I defy you to name an environment in which it is impossible to read an array from backwards to forwards.
That's an array, as in, things already in memory. Not a stream. An array. A collection of fixed-size-in-RAM elements, contiguously in order.
That is not "an environment which doesn't provide a one-liner to do it". C, for instance, may not provide a backwards iterator, but then, it doesn't exactly provide a forwards iterator either. It is trivial to iterate backwards on an array in C. To the extent that it's a pain to provide a function that does it either way, that's C's problem, not the fact it can't be done. Everything's a pain in C.
Cache coherency is not an issue here either because I have specified it as being read once and already called out that if you're going to read it multiple times it may be worth it. Reading it once to do whatever it is you are doing is faster than reading it once, writing it in a new order, then reading it in that new order, at least on anything remotely resembling real, existing hardware.
Uh, no, you're missing the point. It's always possible for you to reverse the array and read it backwards. After all, that's how you are capable of reversing it! The problem is that the thing that you are handing it to might not be capable of that. You can't pass an array to write(2) and tell it to actually print it in reverse order. You can't mmap a page where first byte of data is actually at the high address. Your DMA engine won't flip your buffer for you. If you want to use these APIs, you have to reverse the array before you hand it to them. There's just no way around it.

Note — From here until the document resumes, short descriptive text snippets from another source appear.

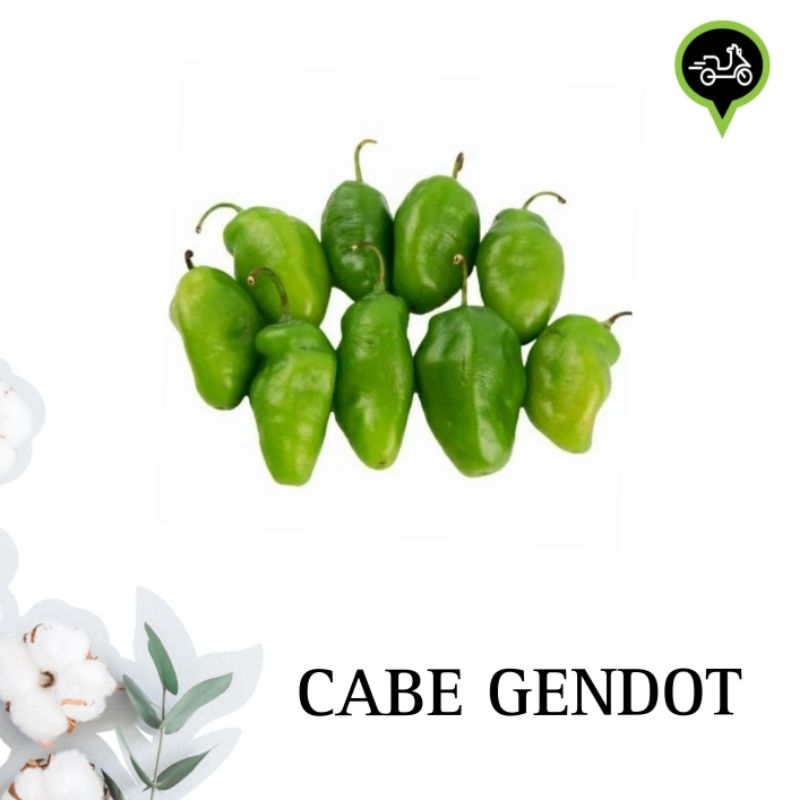 

Cabe gendot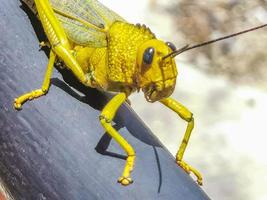 gafanhoto verde gigante sentado na grade no méxico. foto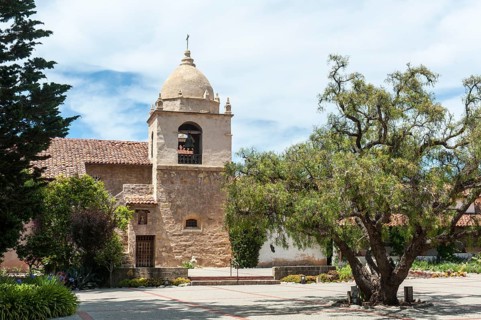 Catholic Church
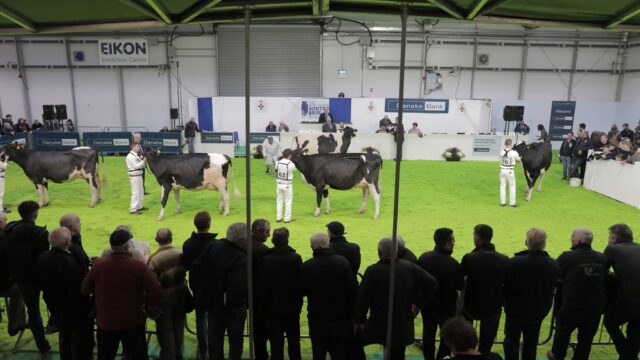 RUAS: ‘No cattle classes” at 2025 Royal Ulster Winter Fair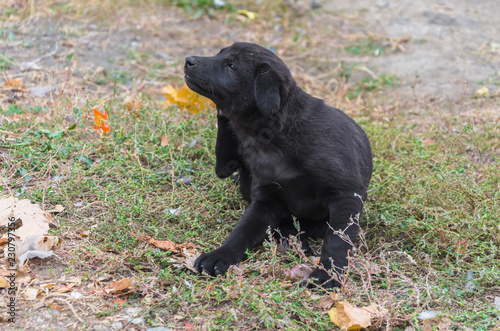 Interesting black dog walking in our yard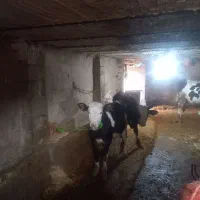 گوساله نر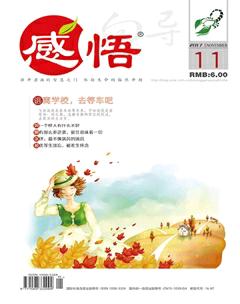 感悟2017年11期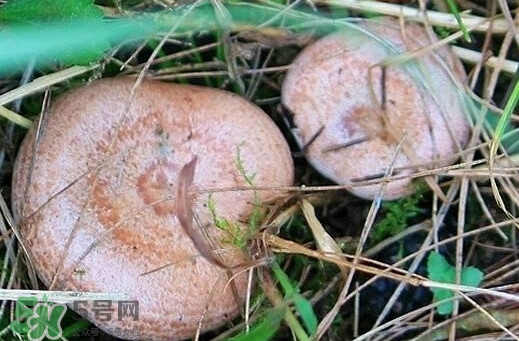 重陽(yáng)菌多少錢(qián)一斤？重陽(yáng)菌怎么清洗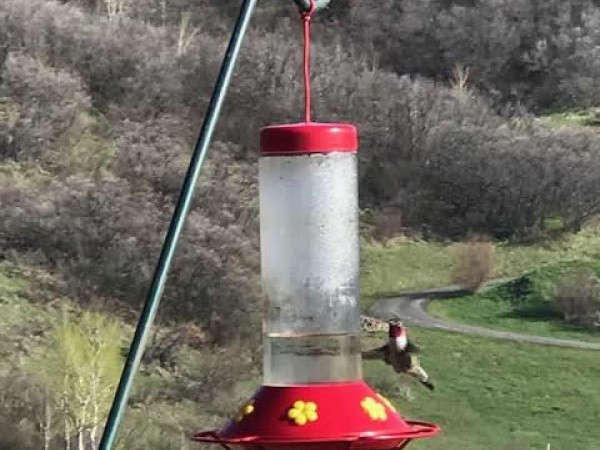 Broad-tailed hummingbird
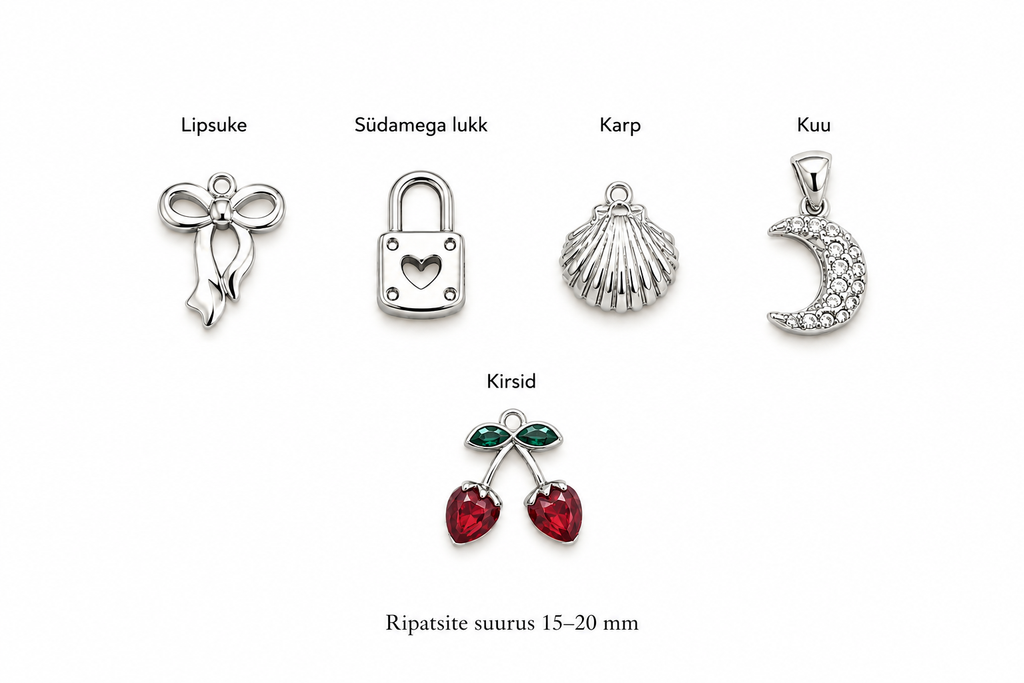 Loo oma charm (ripats) käekett hõbedane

Also, I do want to note that just because your language is higher level and takes iterators or sequences or whatever abstraction you have on top of "a bunch of elements" doesn't actually mean that reversing an array is never worth it. It is often the case that your API/compiler/language will support passing in an arbitrary "view", but if you actually try to do this you will find that it can only fully reason about the "forward, contiguous" buffer case, which it will optimize well. If you pass it anything funny it will fall back to the element-by-element code which can be an order of magnitude slower, or more (usually this means no vectorization, for example). In this case it's often better to pull out an optimized reverse and then pass a normal array to the API. Even though it would read the data twice this can still be a lot faster.